About this exercise = Every line of the listing below should come back exactly as written, with no images.

Data extract =
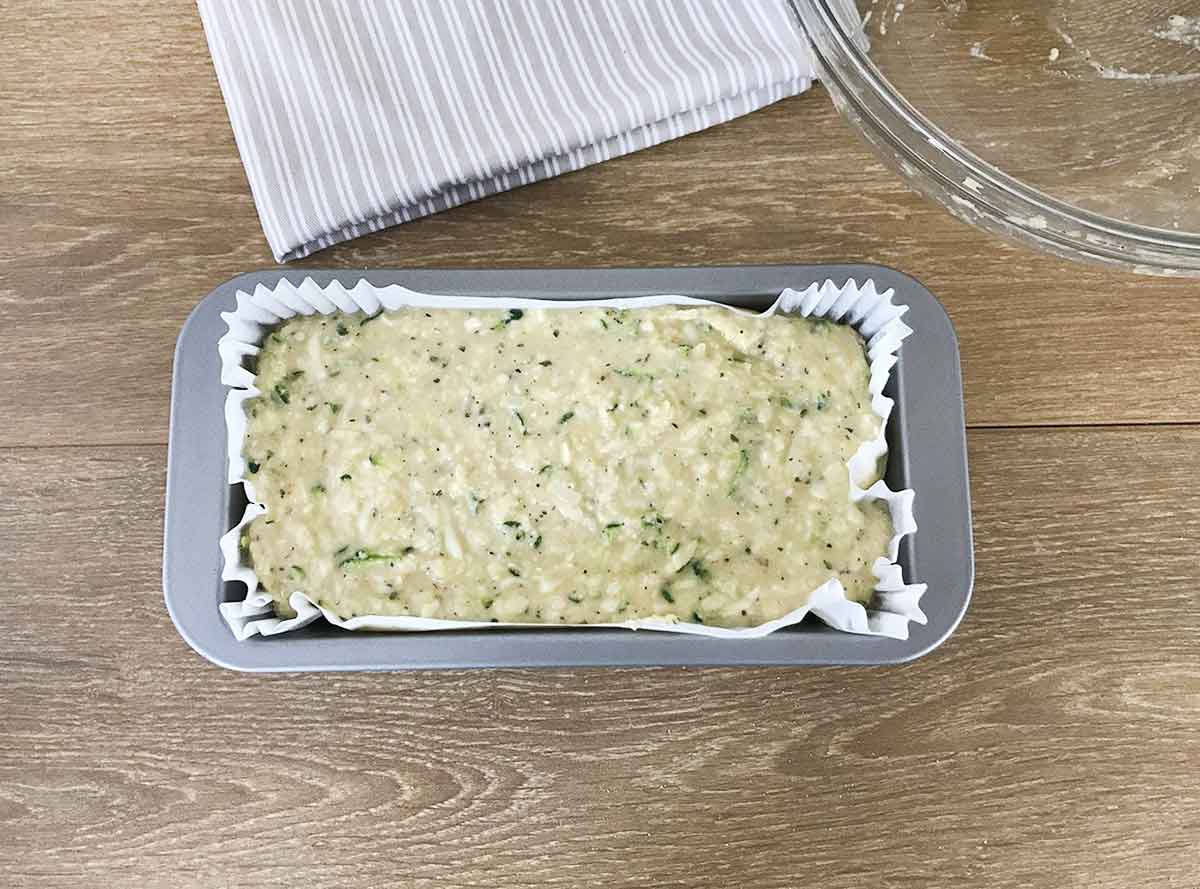 Scoop the batter into the loaf pan.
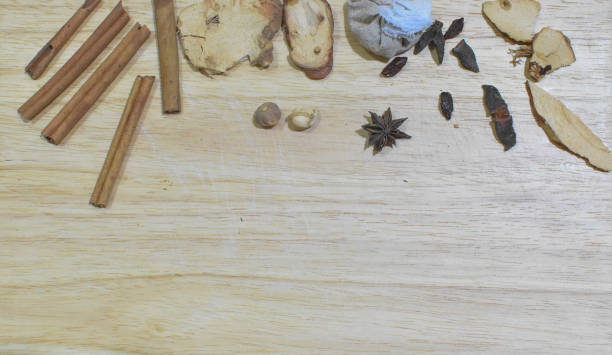 istock Dry spices on  wooden background 1163329387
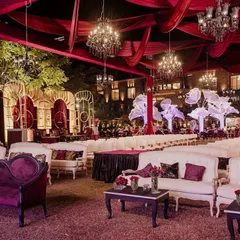 A sweeping view of 'The Scarlet Soirée' for Aashvi and Akash. The venue is bathed in rich red tones, with elegant lounge seating, dramatic draping, and large, illuminated floral trees creating a romantic and opulent atmosphere.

Output below =
 Scoop the batter into the loaf pan.
 istock Dry spices on  wooden background 1163329387
 A sweeping view of 'The Scarlet Soirée' for Aashvi and Akash. The venue is bathed in rich red tones, with elegant lounge seating, dramatic draping, and large, illuminated floral trees creating a romantic and opulent atmosphere.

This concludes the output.